The tail corrects the see-saw motion or pitching of a flying-machine in flight. The further back that it is placed the greater will be the steadying effect. If placed too far back, however, a " dead centre " will be reached. If there is no tail the pilot must manipulate the horizontal rudder to check the see-saw motion. The Wrights have taken out a patent for a mechanical device, which maintains fore-and-aft stability automatically. In this device the human brain is supplanted by the pressure of the air on a plane. Compressed air is substituted for muscular action. Lateral stability is automatically maintained by means of a pendu-lum. The plane and pendulum open valves which admit compressed air to an engine operating the horizontal or elevation rudder and warping mechanism.
To relieve the pilot of the physical strain of more or less constantly warping planes or manipulating ailerons, it was suggested long before the day of the Wrights that the flying-machine be provided with some automatic device which would prevent any capsizing tendency. The more important of such appliances are moving weights, pendulums, and gyrostats. A gyrostat is any rapidly rotating body, which, by virtue of its rotation, resists any force tending to move it from its plane of rotation. The greater the weight and the higher the speed of the gyrostat the greater must be the force expended to shift it from its plane of rotation. Hence if a gyrostat could be mounted on an aeroplane it certainly would tend to resist any unbalancing force, such as a gust of wind. Paul Regnard in France is said to have conducted very successful experiments with gyrostatically controlled aeroplanes. Roberts in England has also made more or less encouraging tests. In his machine the gyrostat is applied as shown in Fig. 37.

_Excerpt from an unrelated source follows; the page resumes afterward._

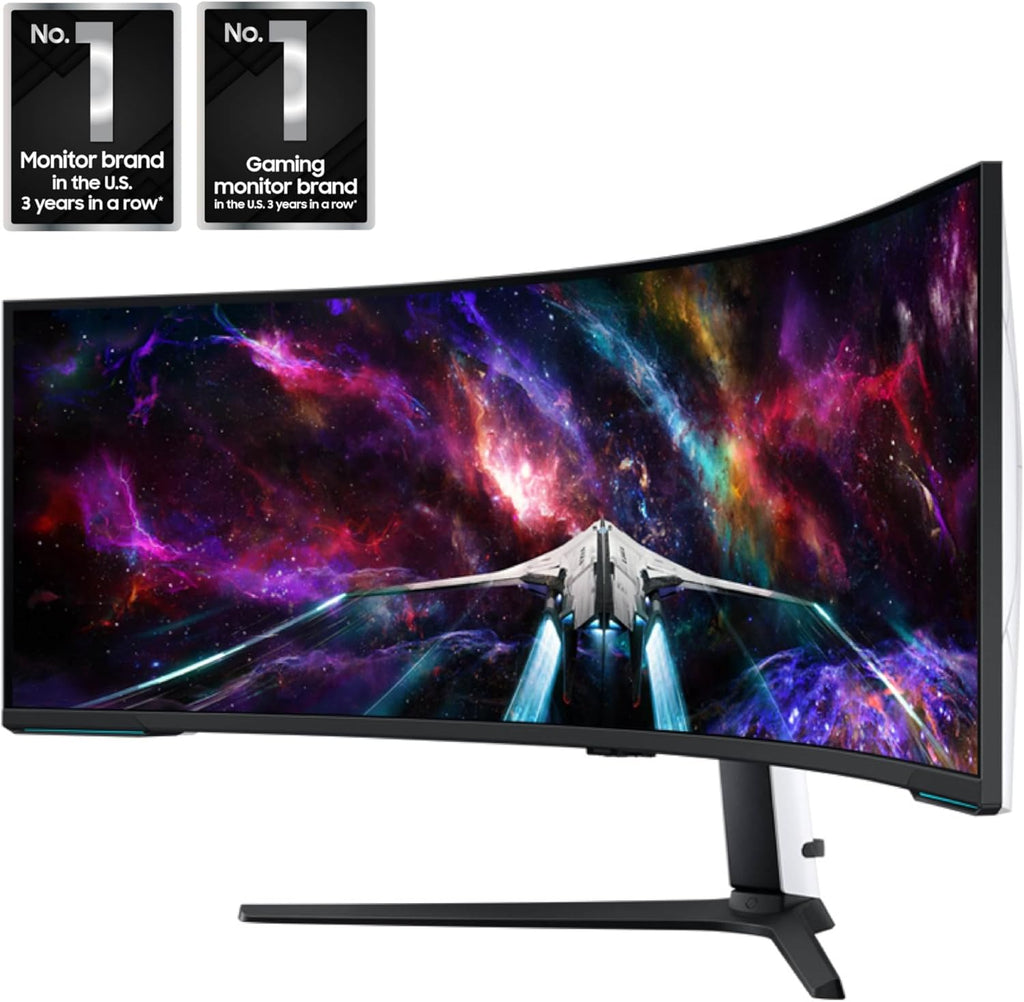 Samsung 57' Odyssey Neo G9 (G95NC) Series Dual 4K UHD 1000R Curved Gaming Monitor, 240Hz, 1ms with DisplayPort 2.1, Quantum Mini-LED, DisplayHDR 1000, AMD FreeSync Premium Pro, LS57CG952NNXZA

The pilots of present machines object to any device that will relieve them entirely of all hand control. They would much prefer an automatic device which is immediately thrown out of operation when the hand-devices are manipulated. It is argued that a machine must be humoured, that with an automatic device such as the gyrostat, it is impossible to accommodate the machine to variations in the wind.
Moreover, there is the objection that the machine must be elevated rapidly in starting, with a fairly large angle of incidence, but must afterwards assume a fairly flat angle for horizontal flight, with all of which a steadily running gyrostat would seriously interfere. Soaring down a steep angle with motors at full speed could hardly be accomplished with a gyrostat running at a fixed rate, for it is the gyrostat's tendency to resist movement. Besides, there is always the possibility that the motor which drives the gyrostat may stop, so that the aviator is helpless if no hand-controlled devices enable him to prevent rocking from side to side and pitching fore and aft.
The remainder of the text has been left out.